For defined contribution plan executives who believe arbitration clauses can reduce or eliminate the risk and expense of ERISA lawsuits, beware of the fine print.
The fine print shows up in different opinions by federal judges in different jurisdictions, leading to a lack of consistent case law regarding how sponsors can use their plans' arbitration clauses to defend against fiduciary breach lawsuits.
The fine print shows up in the arbitration agreements that, if not carefully devised, can lead to unintended consequences, unanticipated expenses and unpleasant rulings against the sponsors. And just because sponsors add arbitration clauses to their plan documents, that doesn't mean they are inoculated from lawsuits.

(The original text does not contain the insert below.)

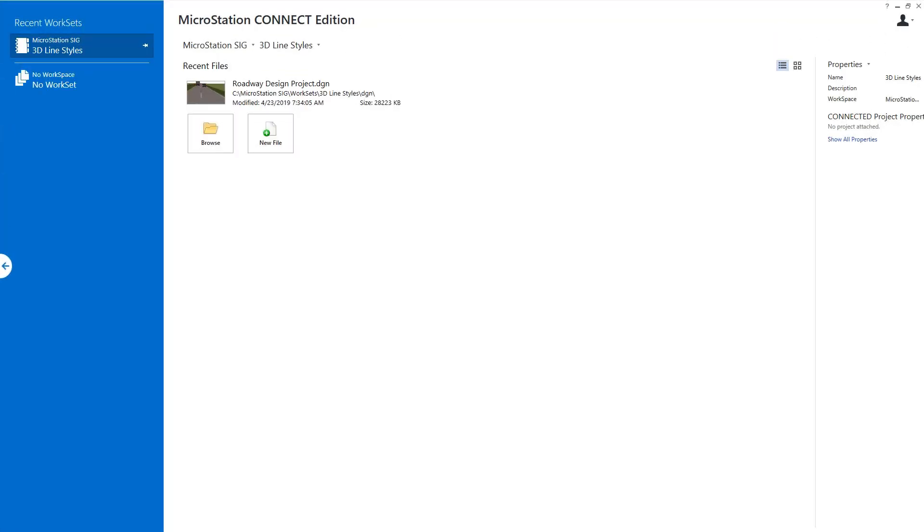You should be able to see my MicroStation screen broadcast here. I'm just going to open up a three-dimensional design file.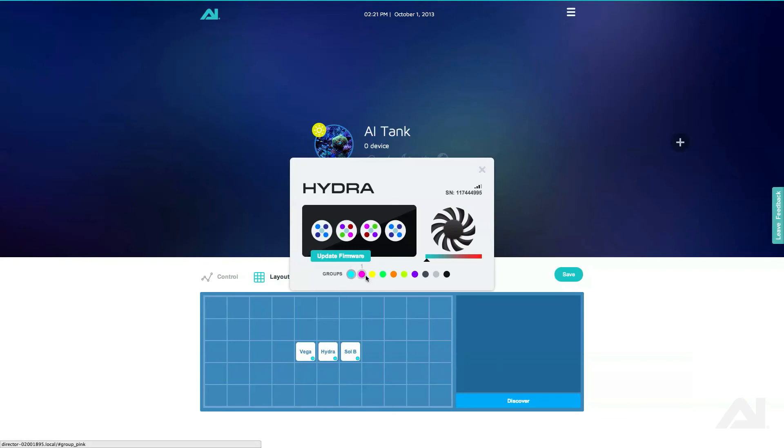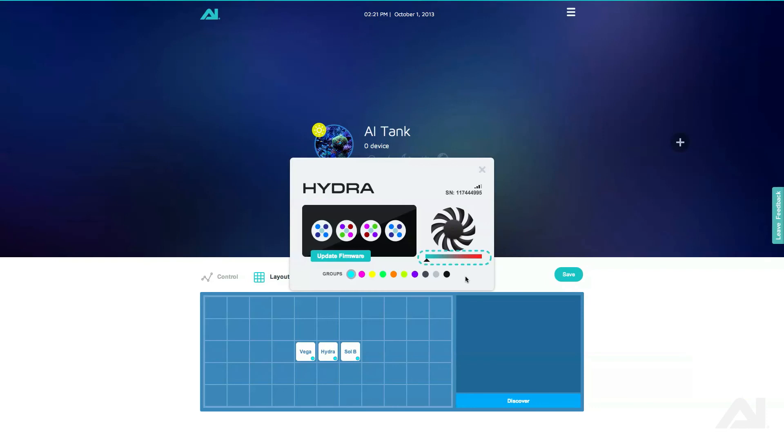In this menu, you can change the group the light is in, get the model type, temperature, fan status, serial number, and wireless signal strength of the light, as well as update the light's firmware.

Sponsors "are not getting a uniform or unified answer" from federal courts, said Joseph J. Torres, a Chicago-based partner at Jenner & Block.

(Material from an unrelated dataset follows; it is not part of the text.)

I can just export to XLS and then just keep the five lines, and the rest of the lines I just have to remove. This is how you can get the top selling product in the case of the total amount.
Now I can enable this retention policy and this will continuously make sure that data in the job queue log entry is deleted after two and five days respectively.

As a result of court rulings and the challenges of creating arbitration clauses that don't run afoul of ERISA or states' laws or legal precedent, the theoretical allure of arbitration to avoid an expensive ERISA court battle may be tempered by unclear reality. Mr. Torres said his clients are cautious not only because of conflicting legal rulings but also because their cost-benefit analyses indicate arbitration might not be worth the time and expense.

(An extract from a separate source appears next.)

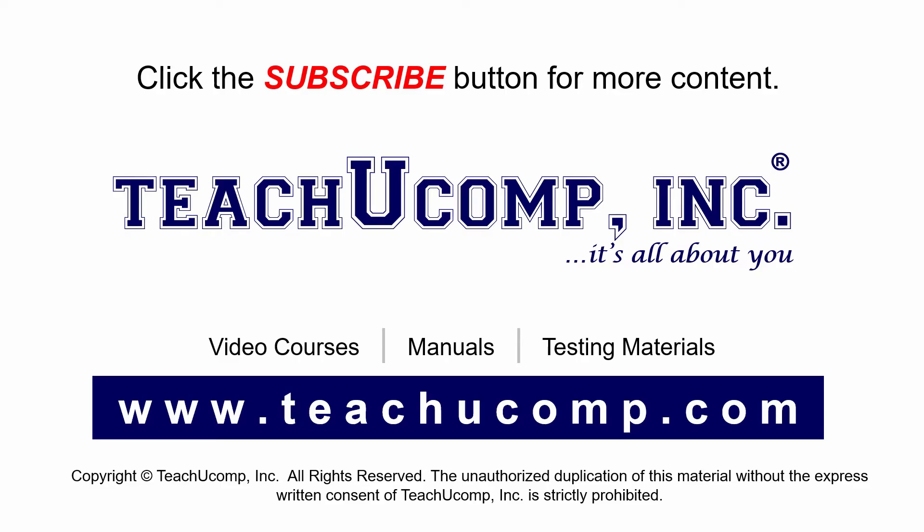If you like our video, click the subscribe button to subscribe to our channel and get easy access to new content. To see our full suite of ad-free video courses and training materials, visit us at teachucomp.com.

"There is a lot of uncertainty," he said. Although some clients have asked about arbitration clauses, Mr. Torres said he hasn't talked to a sponsor actively considering adding one in the last six to eight months. That client decided to wait, Mr. Torres said, adding that, anecdotally, he believes arbitration clauses in DC plans are uncommon.
"In my experience, most DC plans do not have arbitration clauses — but a growing minority do," said Carol I. Buckmann, founding partner of the New York law firm Cohen & Buckmann PC.